Начался беспорядочный счет в разных концах. В разных местах выкликали фамилии.

— Двенадцать.

— Как двенадцать?! Девятнадцать должно быть!

— Не двенадцать: пятерых же только нет — четырнадцать!

— Уже пять удрали! Вот черти! И куда их вести, зачем вести?! Пятеро убежало, все убегут! Братцы, переколоть их здесь!

— Товарищи, тише, перестаньте, — успокаивала стража. — Никуда они не убегут! Куда бежать? Сейчас всех соберем!

Стали перекликаться. Опять стали называть арестованных по фамилиям. Мы отвечали «здесь».

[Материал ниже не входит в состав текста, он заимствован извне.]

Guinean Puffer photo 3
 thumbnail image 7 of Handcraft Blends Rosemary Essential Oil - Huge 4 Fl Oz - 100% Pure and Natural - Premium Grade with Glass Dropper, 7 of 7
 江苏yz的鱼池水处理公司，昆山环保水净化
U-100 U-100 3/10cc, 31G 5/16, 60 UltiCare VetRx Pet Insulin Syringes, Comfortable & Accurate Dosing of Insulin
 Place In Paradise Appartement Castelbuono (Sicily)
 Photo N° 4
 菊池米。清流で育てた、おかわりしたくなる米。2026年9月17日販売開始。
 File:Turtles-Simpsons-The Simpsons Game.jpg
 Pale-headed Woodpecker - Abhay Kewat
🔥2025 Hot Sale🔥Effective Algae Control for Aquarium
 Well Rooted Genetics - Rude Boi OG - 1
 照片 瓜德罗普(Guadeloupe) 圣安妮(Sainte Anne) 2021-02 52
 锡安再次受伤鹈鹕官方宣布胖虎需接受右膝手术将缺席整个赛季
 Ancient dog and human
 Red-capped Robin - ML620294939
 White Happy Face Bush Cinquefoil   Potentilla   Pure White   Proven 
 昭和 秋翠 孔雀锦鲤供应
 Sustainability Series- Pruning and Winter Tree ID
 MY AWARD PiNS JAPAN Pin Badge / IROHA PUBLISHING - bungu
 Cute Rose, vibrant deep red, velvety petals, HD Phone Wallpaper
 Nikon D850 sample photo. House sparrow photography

Толпа волновалась. Погромное настроение росло. Стража — и матросы и красногвардейцы — уговаривали и успокаивали, иногда покрикивали…

— И откуда вы их выцарапали?! Куда они там забрались?!

— Они ловки! — объяснял кто-то. — Забрались себе — не сразу сыщешь. Нас расстреливают, а они себе попивают коньячок!

— С бабами, поди!

— Будет вам, товарищи! Что зря болтать? Никакого коньяку не было!..

— Ну, что, все налицо?

— Все, кажется, все… Вот еще подошли!.. Это кто? Ливеровский? Ну теперь все. Девятнадцать!

— Это кто, кто Ливеровский?

— Министр путей сообщения.

— Который?

— А вот.

— Эх, хоть разок ударить!

Прежде чем Ливеровский успел войти в цепь, тяжелая солдатская рука опустилась ему на затылок. Он вскочил к нам, едва удержавшись на ногах, и прошел впереди меня.